Feb 282024
 

53 Northumberland Street, Edinburgh, EH3 6JQ

A two-storey sandstone rowhouse with 5 windows, a white front door, and a small plaque to the left of the front door.

Mary Somerville (1780 – 1872) was a Scottish mathematician and astronomer, and one of the first two women to become an Honorary Member of the Royal Astronomical Society, alongside Caroline Herschel. She was one of the first to suggest the existence of Neptune, and she famously tutored Ada Lovelace, who became the “mother of modern computing”. Somerville wrote many successful journal articles and books in her lifetime, one of which, On the Connexion of the Physical Sciences, was its publisher’s most successful science book until Darwin’s On the Origin of Species. Somerville was the first person to ever be referred to as “scientist”, and her extensive contributions to academia are commemorated by this plaque, at the house where she lived in Edinburgh.

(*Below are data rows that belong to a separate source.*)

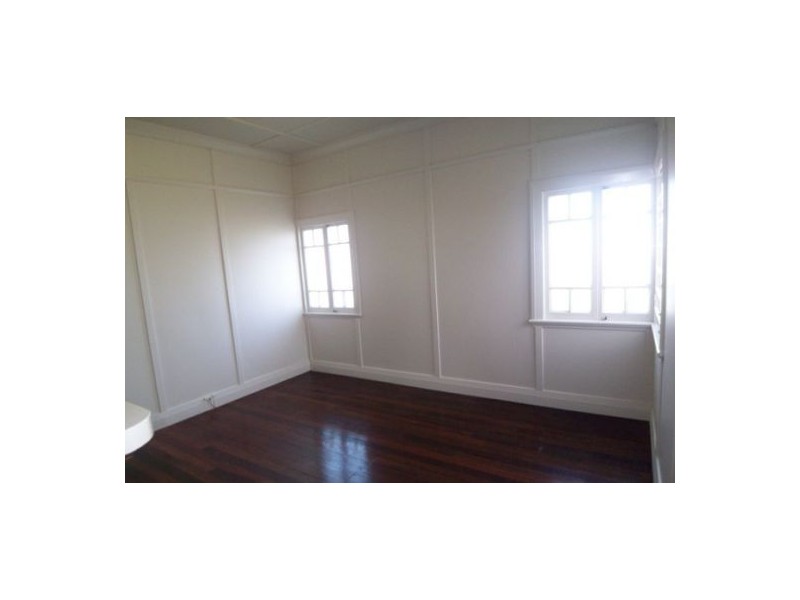 17 Walton Street, Southport QLD 4215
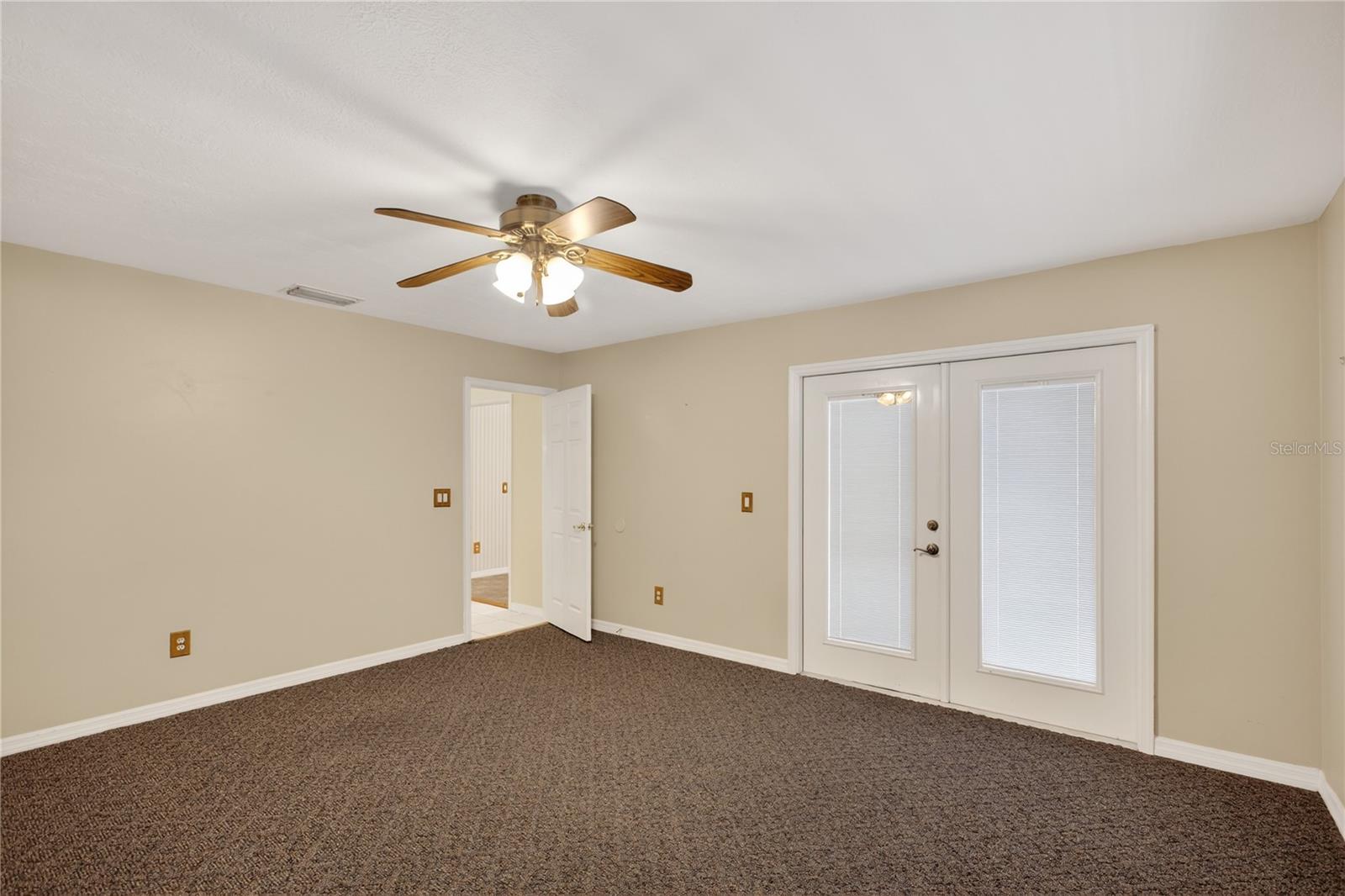 Image 27 of 42 For 2065 Oak Beach Boulevard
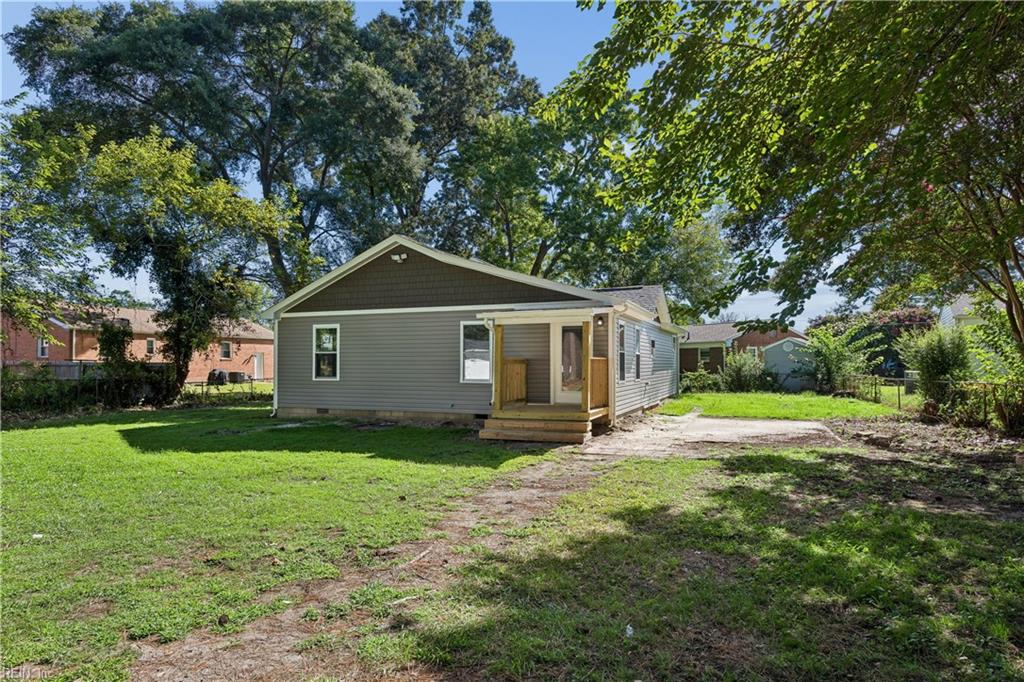 116 Latham Dr Property Photo 3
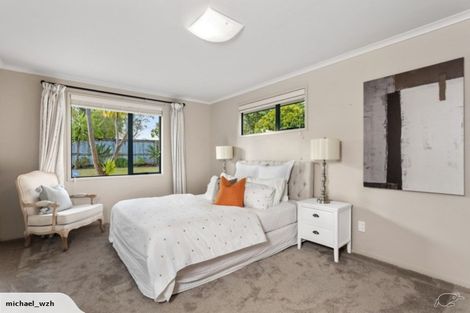 Photo of property in 17 Admirals Court Drive, Greenhithe, Auckland, 0632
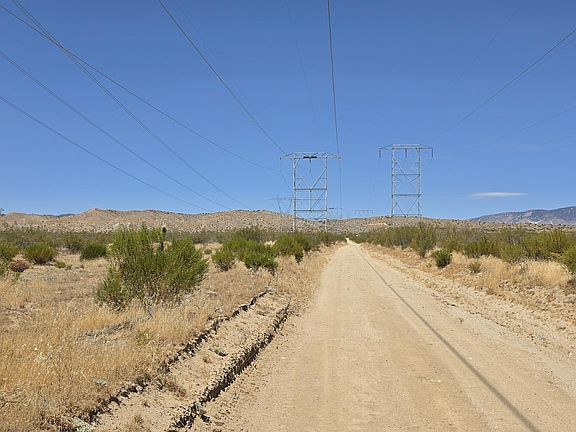2nd image of 179th St E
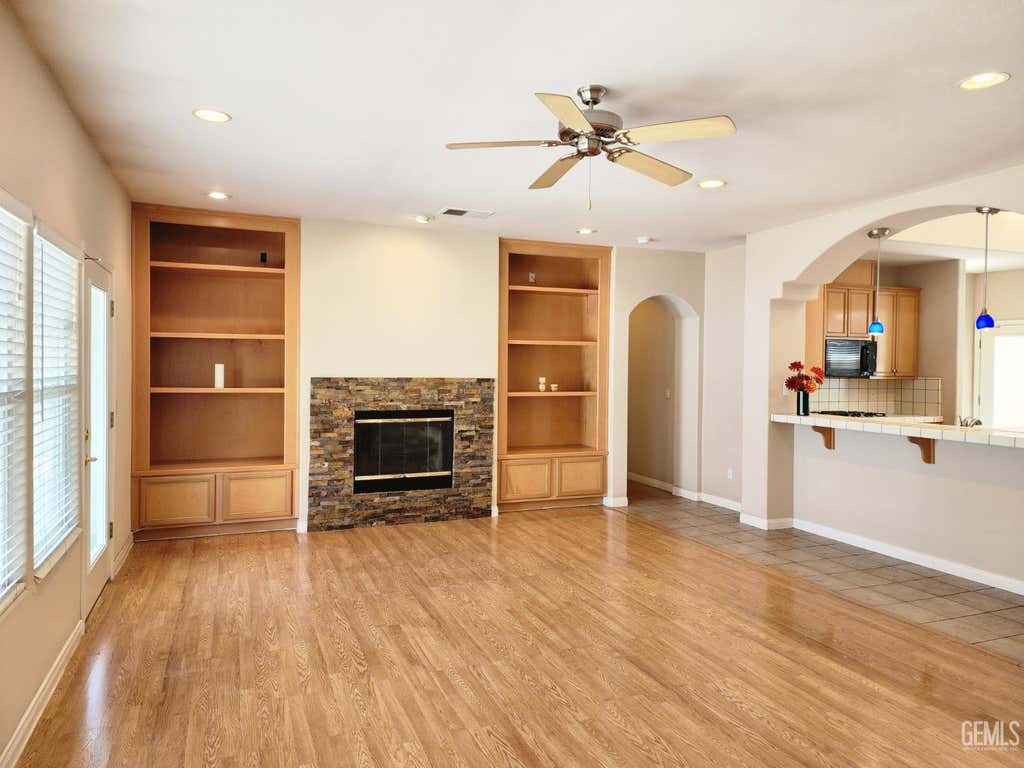 Photo of 11512 Marazion Hill Court, Bakersfield, CA 93311 (MLS # 202608536)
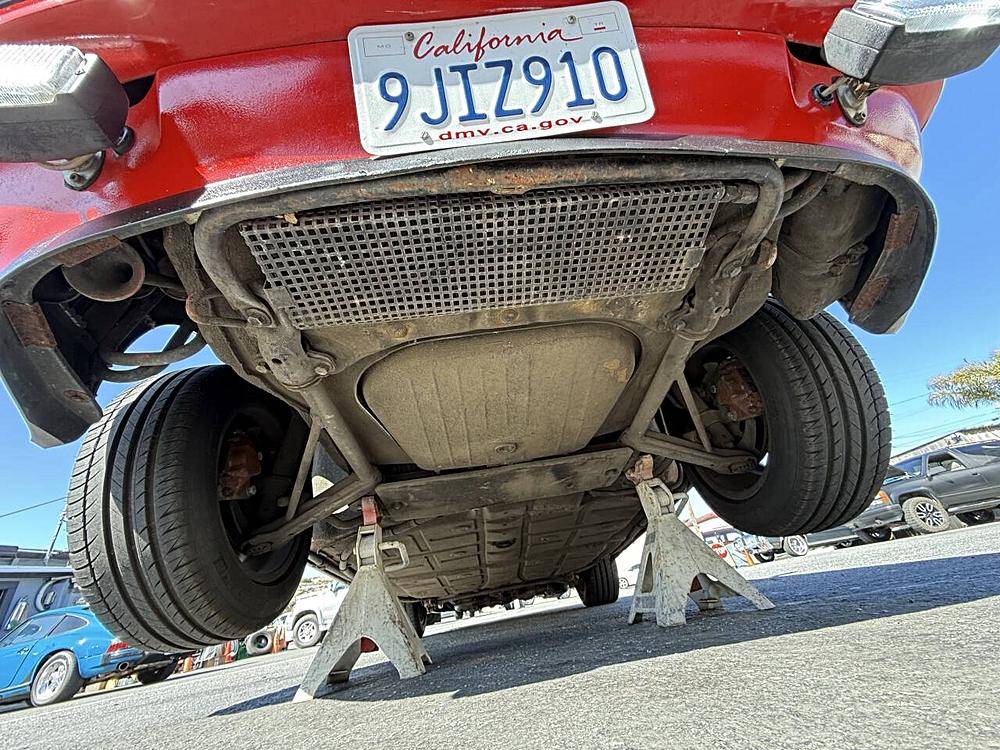 Porsche-911-1981-red-23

A black plaque with decorative gold knotted borders reading: Mary Fairfax Somerville, 1780-1872, “The queen of 19th century science, astronomer, scientist and polymath, lived here.”
Portrait painting of a dark-haired woman with her hair up in a 1700s style, wearing a dark blue gown with a white ruff and a brown fur stole.
A row of antique book spines with the author Somerville and the following titles: Mechanism of the Heavens, On Molecular and Microscopic Science, Physical Geography, On the Connexions of the Physical Sciences, and Personal Recollections.